In 2021 the Living Tongues Institute for Endangered Languages assisted the Cape Fear Band of Skarure and Woccon Indians to build a 'Living Dictionary' for Woccon as part of an effort to revive the language. However, this group is not state-recognized by North Carolina or federally recognized by the Bureau of Indian Affairs as being descended from the Cape Fear, Tuscarora, or the Waccamaw. The group's assertions of lineage have been noted by EBSCO Information Services to be unverified by credible historians or anthropologists. The state-recognized Waccamaw Siouan Indians of North Carolina and the Waccamaw Indian People of South Carolina were not included in the Living Dictionary project initiated by the Living Tongues Institute during the process of assembling the revitalization dictionary.

Since 2023, the state-recognized Waccamaw Siouan are undertaking efforts to revive the Woccon language, which they identify as the ancestral language of their community. In partnership with linguists from the University of North Carolina Wilmington, they have engaged in a reclamation project using John Lawson's colonial-era word list. The project incorporates decolonial methodologies that prioritize Indigenous epistemologies, reject traditional models of scholarly ownership, and center tribal authority over linguistic decisions. As part of this initiative, the Waccamaw have advocated renaming the historic language to “Waccamaw Siouan,” in order to reflect their contemporary identity and attempts to assert historical and cultural continuity. The Waccamaw Siouan’s past position has included public proclamations declining to recognize others as tribal entities or descendants of the historic Waccamaw people, including the state-recognized Waccamaw Indian People of South Carolina. This stance has contributed to the tribe’s claims of exclusivity over the Woccon language and its revitalization.

While some scholars, such as John R. Swanton, have historically suggested that Woccon and Waccamaw may refer to the same people or language, this identification remains a matter of scholarly debate. The historical record is limited and contains inconsistencies in attribution, terminology, and linguistic content.
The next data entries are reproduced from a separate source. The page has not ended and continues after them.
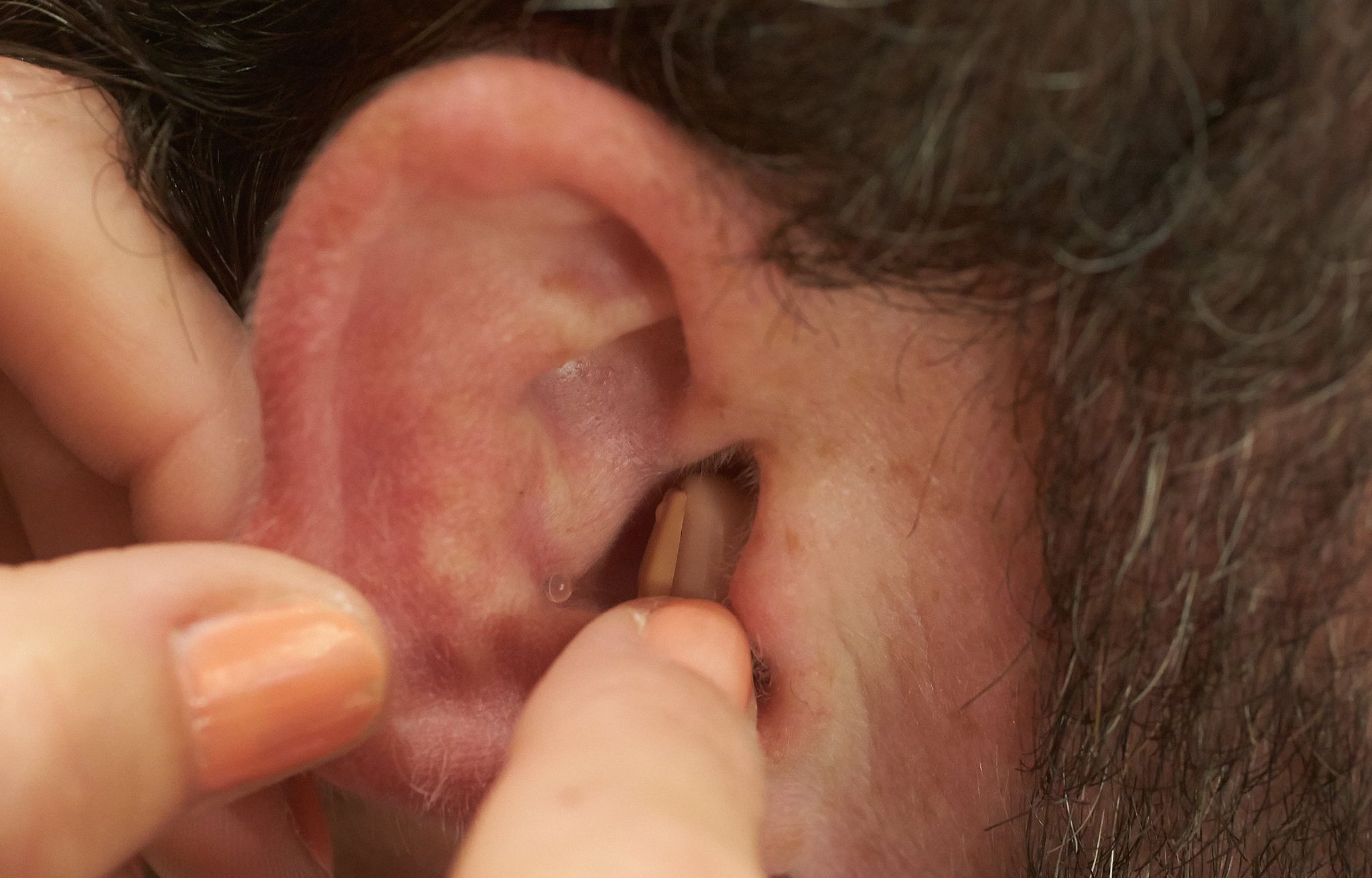 Hörgeräte können bei vielen älteren Menschen eine Demenz vermeiden.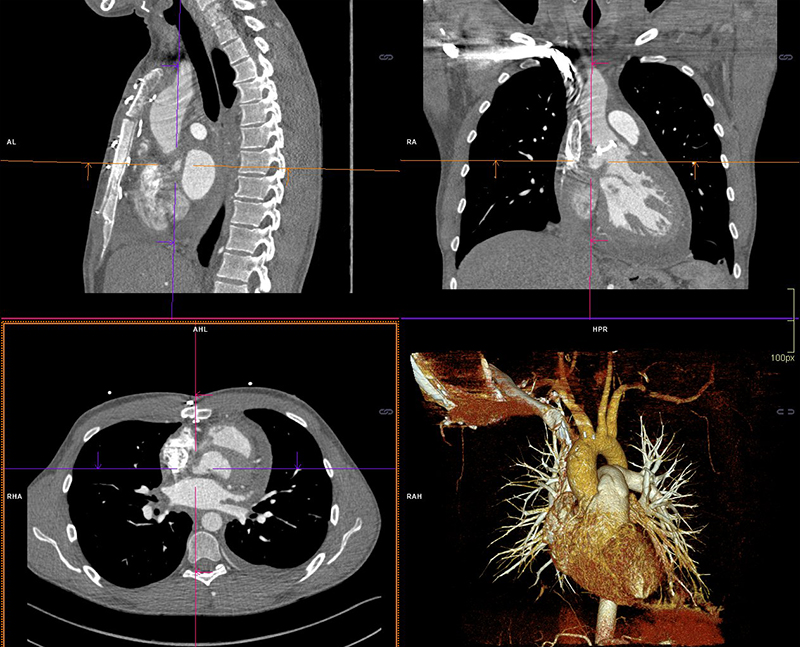 Boyle - Figure 2. Computed tomography (CT) imaging and 3D reconstruction of focal outpouchings in keeping with aortic root abscesses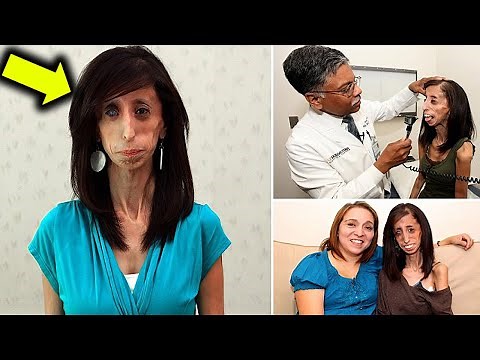 Remember the World’s Thinnest Woman Her Transformation Will Leave You Speechless!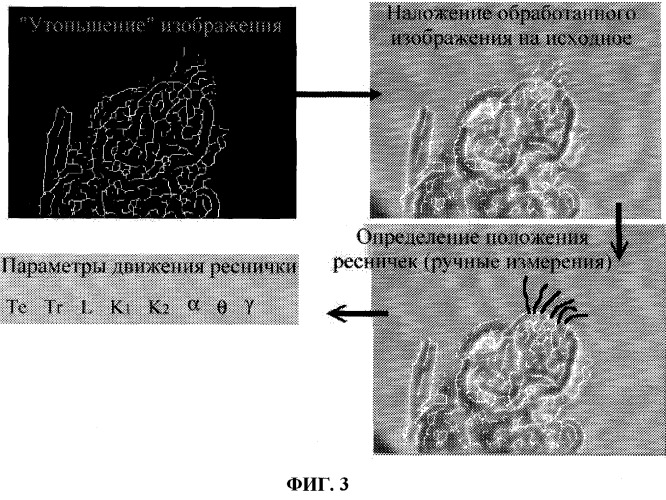 Способ выбора тактики лечения хронического и острого риносинусита (патент 2254805)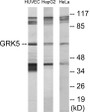 Western blot analysis of extracts from HeLa/HepG2/HuvEc cells, using GRK5 Antibody. The lane on the right is treated with the synthesized peptide.
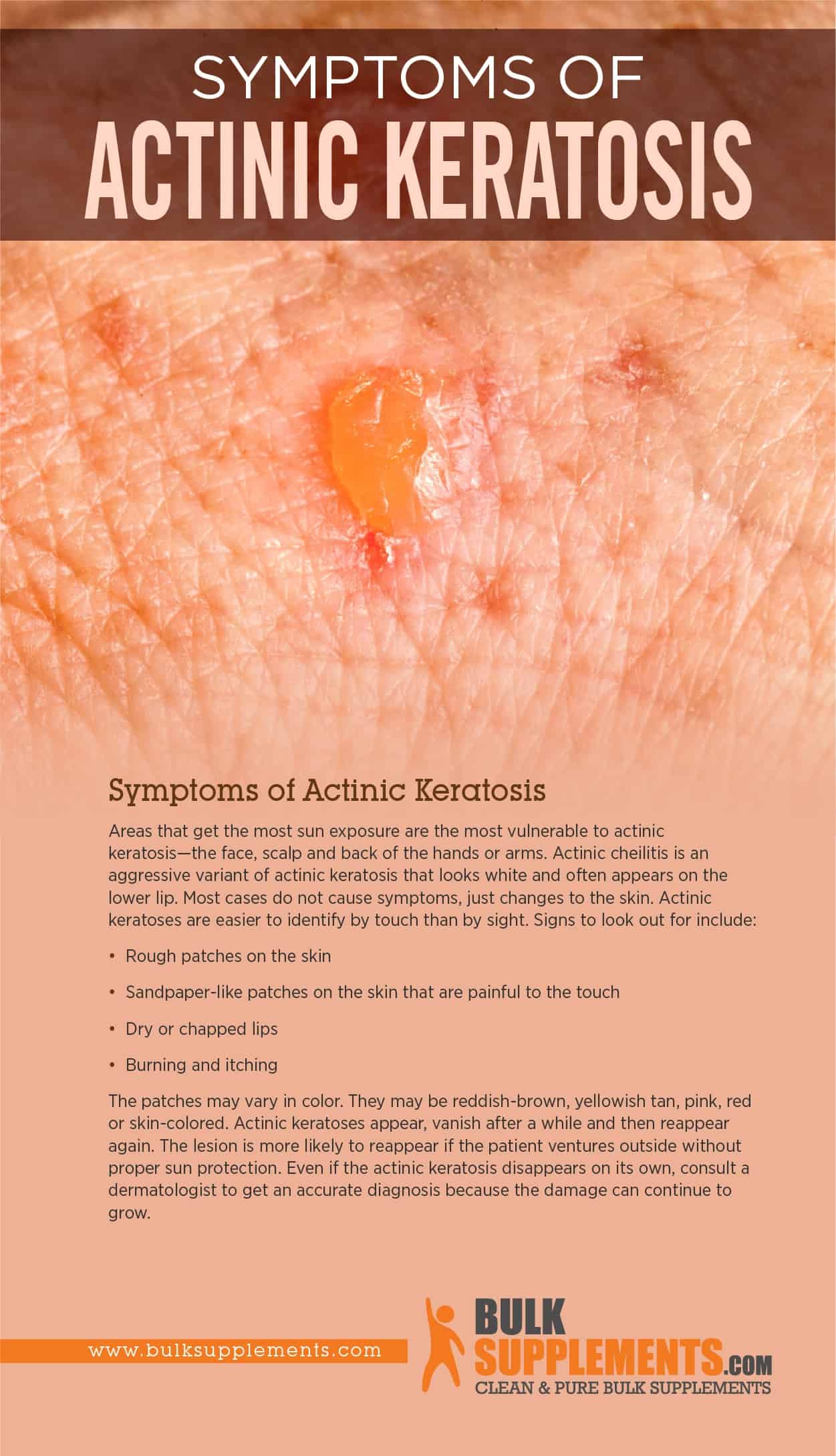 actinic keratosis arm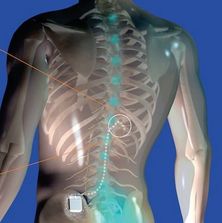 IVs infusions for back pain and other chronic issues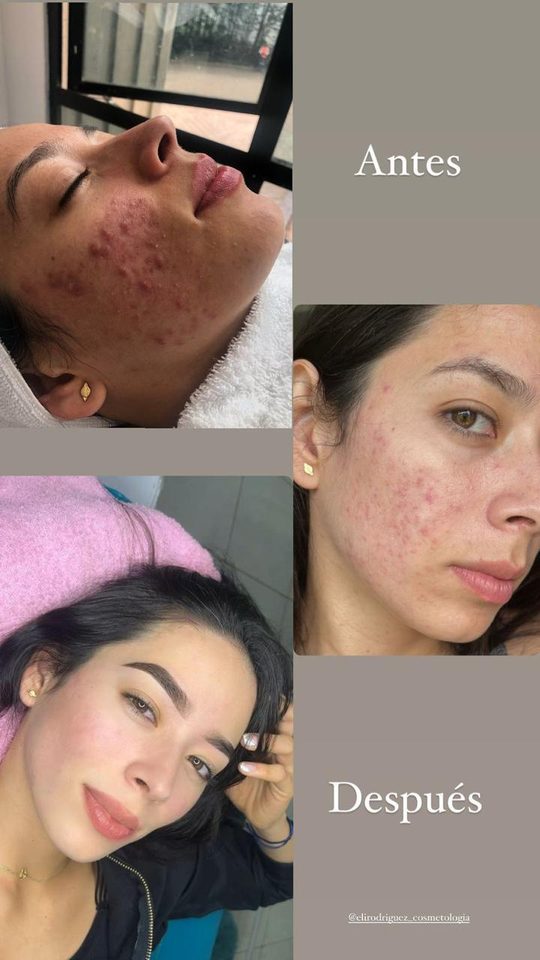 Piel con acné antes y después de las limpiezas faciales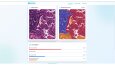 PulmoPath – Yapay Zekâ ile Histopatoloji Analizi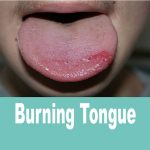 درمان سوختگی زبان با استفاده از روش های شگفت انگیز در خانه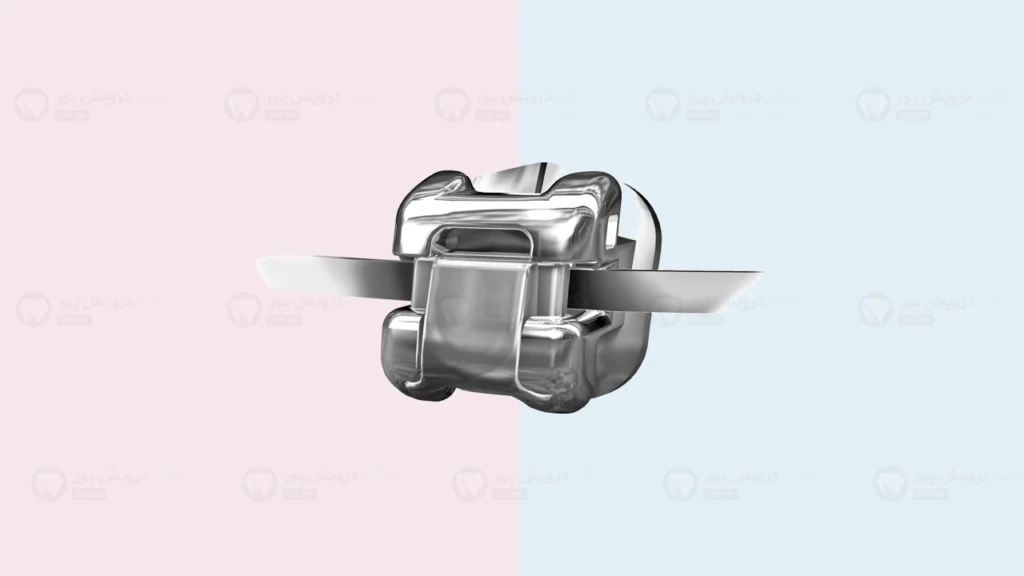 براکت ارتودنسی ثابت دیمون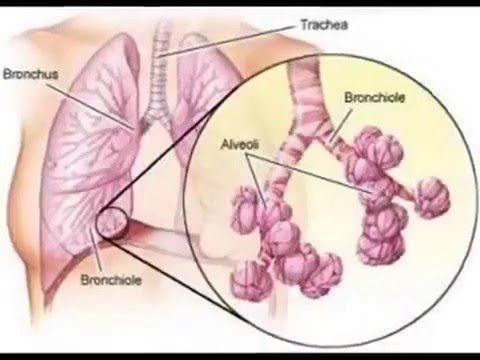 lung cancer and mesothelioma - All The Best Mesothelioma Law Firm ...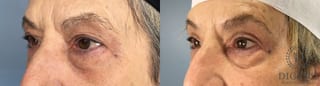 Before and after Eye Lid Surgery case 41677 - Angle 2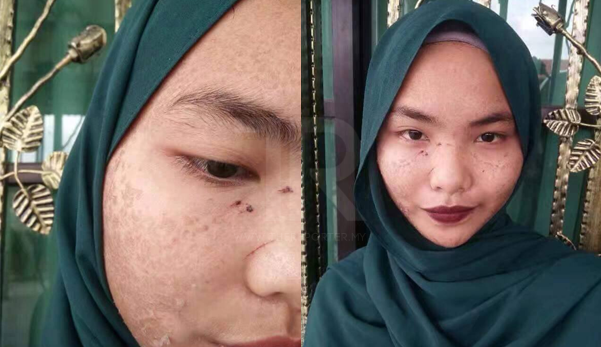 "Saya menyesal guna produk ni" - Kulit muka wanita ini bersisik lepas guna produk kecantikan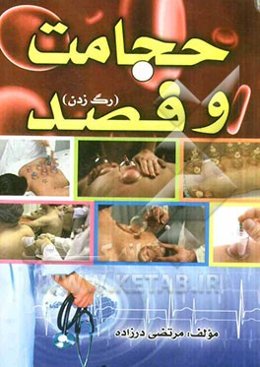 حجامت و فصد (رگ زدن)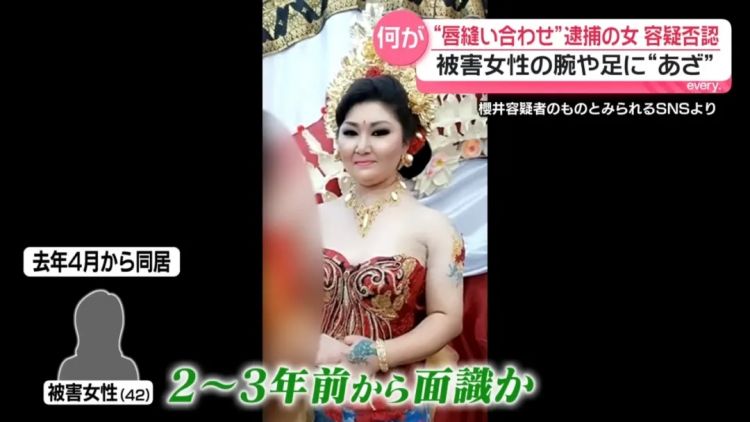 日本变态女子缝合室友双唇,竟是为了…?!电锯惊魂竟然在现实上演… 日本变态女子缝合室友双唇,竟是为了…?!电锯惊魂竟然在现实上演…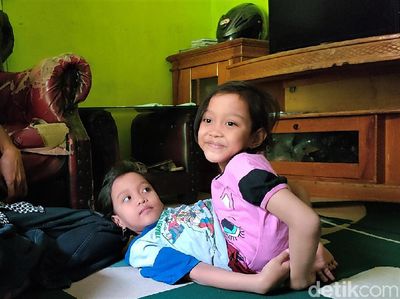 Potret Dewi dan Putri, Bocah Kembar Siam Dempet Perut di Garut
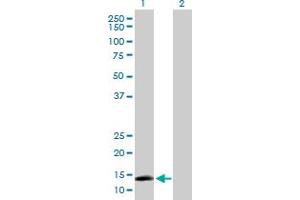 Western Blot analysis of AGTRAP expression in transfected 293T cell line by AGTRAP MaxPab polyclonal antibody. (AGTRAP 抗体  (AA 1-152))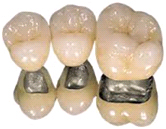 PFM Crowns (Porcelain/Ceramic Fused to Metal)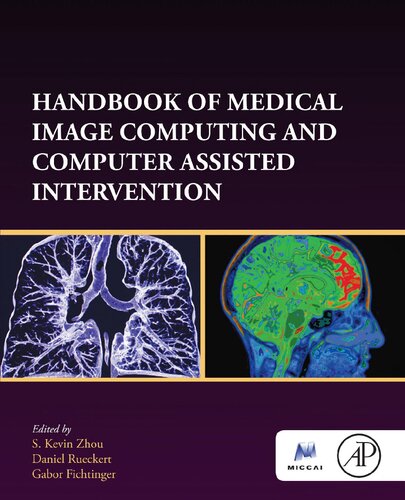 Handbook of Medical Image Computing and Computer Assisted Intervention (Elsevier and Miccal Society)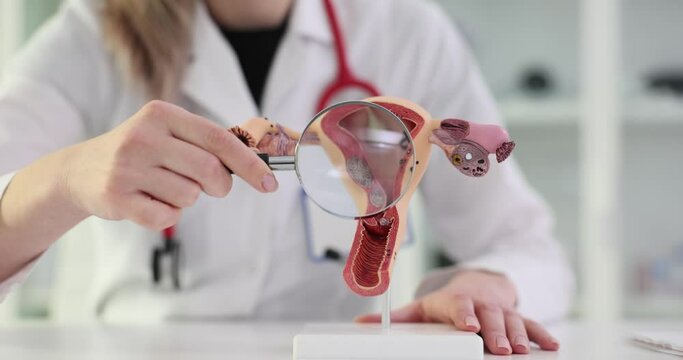 Doctor with anatomy model of the uterus and ovaries and a magnifying glass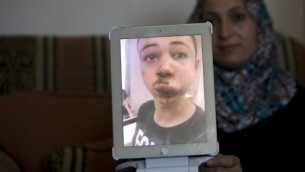 والدة طارق أبو خضير(15 عاما)، إبن عم الفتى الفلسطيني المقتول محمد، تعرض الصورة التي التقطتها لإبنها في المستشفى بعد أن تعرض للضرب على يد شرطي إسرائيلي من عناصر حرس الحدود في القدس الشرقية، 5 يوليو، 2014. (photo credit: AFP/Ahmad Gharabli)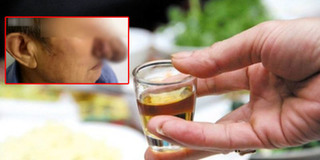 Nghiện rượu suốt năm 10, mũi cụ ông gần 80 tuổi dài ra như phù thủy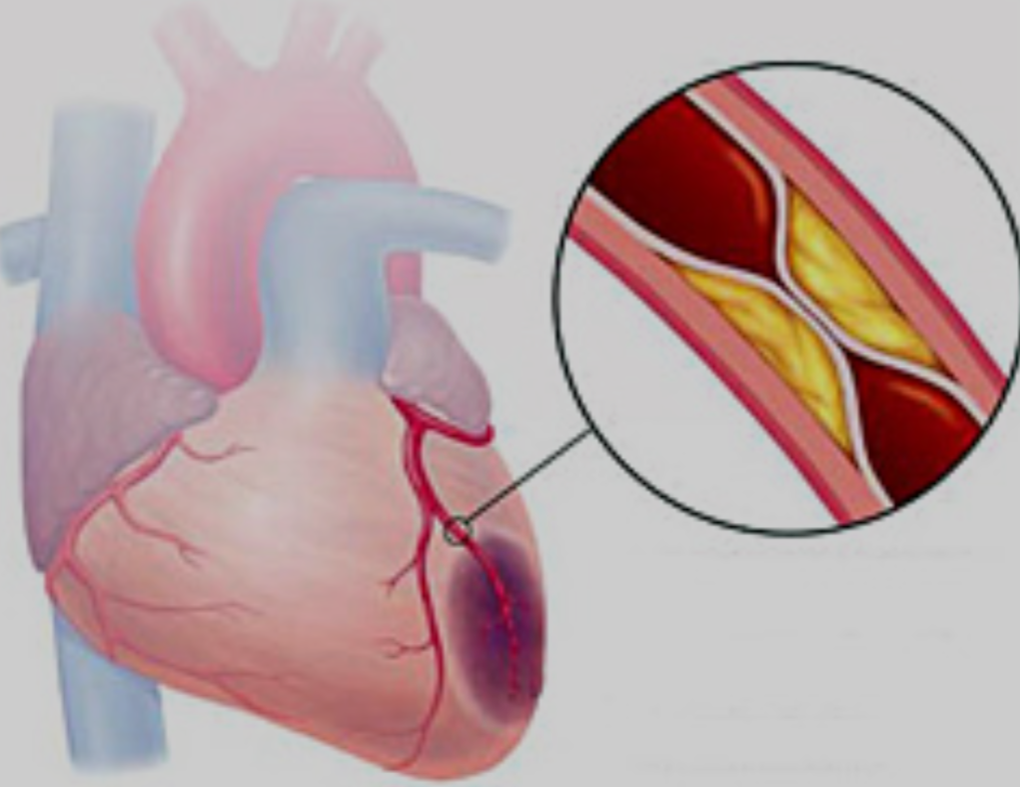 Атеросклеротическая бляшка в сосуде сердца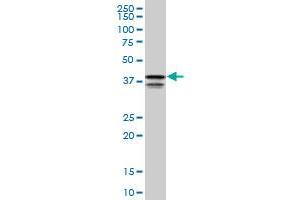 PCBP2 monoclonal antibody (M05), clone 1C7. (PCBP2 antibody  (AA 1-362))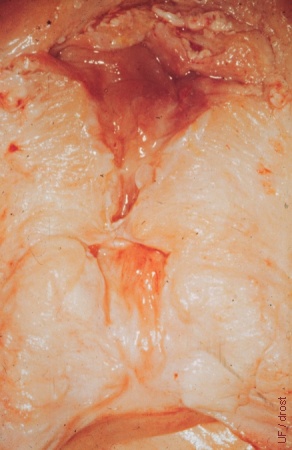 Cervical Adhesion.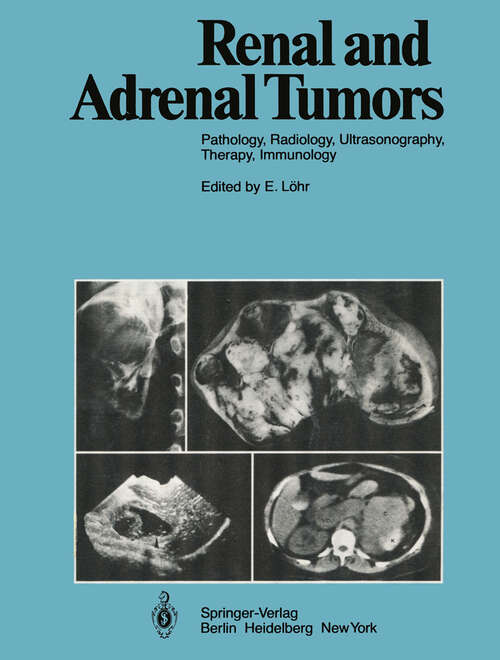 Book cover of Renal and Adrenal Tumors: Pathology, Radiology, Ultrasonography, Therapy, Immunology (1979)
As noted by linguists and researchers involved in the Waccamaw Siouan revival project, the question of whether Woccon directly represents the language of the historic Waccamaw people, as opposed to being a related language, remains academically unresolved. As such, the current revival efforts proceed under a framework that emphasizes tribal sovereignty and cultural continuity, even as the linguistic classification of the language remains inconclusive.